## [Goal of the exercise]
Count the lines in the entries that contain "memory". Say the number and nothing more.

## [Recorded data]
__________
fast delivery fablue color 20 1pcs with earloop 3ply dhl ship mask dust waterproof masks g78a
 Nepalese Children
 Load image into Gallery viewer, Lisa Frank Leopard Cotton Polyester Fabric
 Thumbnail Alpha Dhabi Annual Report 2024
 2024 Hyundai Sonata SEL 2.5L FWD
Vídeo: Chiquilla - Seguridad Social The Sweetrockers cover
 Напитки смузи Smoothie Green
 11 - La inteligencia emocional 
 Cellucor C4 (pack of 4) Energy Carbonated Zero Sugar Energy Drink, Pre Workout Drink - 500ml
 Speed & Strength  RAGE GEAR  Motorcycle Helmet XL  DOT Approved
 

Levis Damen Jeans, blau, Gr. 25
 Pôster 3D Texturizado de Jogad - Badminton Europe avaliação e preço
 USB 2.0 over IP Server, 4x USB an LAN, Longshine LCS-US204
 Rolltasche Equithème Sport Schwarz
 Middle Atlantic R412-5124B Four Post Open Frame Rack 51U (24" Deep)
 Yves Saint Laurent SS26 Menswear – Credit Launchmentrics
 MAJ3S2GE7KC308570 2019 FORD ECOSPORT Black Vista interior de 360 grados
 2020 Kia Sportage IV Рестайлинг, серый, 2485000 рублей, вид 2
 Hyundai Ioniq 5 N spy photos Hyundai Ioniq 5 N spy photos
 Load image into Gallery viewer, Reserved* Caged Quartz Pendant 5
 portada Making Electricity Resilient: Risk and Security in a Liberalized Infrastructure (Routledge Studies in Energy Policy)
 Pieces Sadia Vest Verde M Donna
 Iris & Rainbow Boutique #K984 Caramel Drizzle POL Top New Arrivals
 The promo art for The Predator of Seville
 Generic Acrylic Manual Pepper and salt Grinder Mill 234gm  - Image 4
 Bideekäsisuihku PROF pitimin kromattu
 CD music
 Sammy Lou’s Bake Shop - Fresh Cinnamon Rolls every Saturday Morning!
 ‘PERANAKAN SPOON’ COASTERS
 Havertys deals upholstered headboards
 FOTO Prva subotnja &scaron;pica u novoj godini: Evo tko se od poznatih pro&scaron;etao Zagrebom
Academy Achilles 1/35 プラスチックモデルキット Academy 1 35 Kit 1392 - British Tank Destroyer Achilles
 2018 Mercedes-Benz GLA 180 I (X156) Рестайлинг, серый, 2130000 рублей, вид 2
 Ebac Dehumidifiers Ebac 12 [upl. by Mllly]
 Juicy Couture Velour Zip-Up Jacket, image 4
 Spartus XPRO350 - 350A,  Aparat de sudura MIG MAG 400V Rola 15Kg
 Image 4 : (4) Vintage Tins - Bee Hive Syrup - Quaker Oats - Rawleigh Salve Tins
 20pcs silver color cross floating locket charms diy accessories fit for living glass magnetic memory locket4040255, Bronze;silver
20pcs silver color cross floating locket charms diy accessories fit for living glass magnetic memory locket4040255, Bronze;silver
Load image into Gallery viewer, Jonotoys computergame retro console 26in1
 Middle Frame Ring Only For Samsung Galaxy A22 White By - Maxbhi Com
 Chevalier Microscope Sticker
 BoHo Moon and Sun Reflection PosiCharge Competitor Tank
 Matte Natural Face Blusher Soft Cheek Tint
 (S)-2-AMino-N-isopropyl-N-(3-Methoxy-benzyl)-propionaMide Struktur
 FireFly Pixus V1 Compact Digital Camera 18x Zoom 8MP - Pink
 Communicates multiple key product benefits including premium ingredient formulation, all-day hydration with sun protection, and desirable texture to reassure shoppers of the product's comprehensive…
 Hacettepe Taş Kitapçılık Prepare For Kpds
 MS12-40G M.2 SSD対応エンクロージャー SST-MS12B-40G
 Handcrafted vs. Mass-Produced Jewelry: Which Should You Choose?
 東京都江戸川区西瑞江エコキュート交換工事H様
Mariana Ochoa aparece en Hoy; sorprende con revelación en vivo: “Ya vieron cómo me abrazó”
__________
## [Solved problem]
2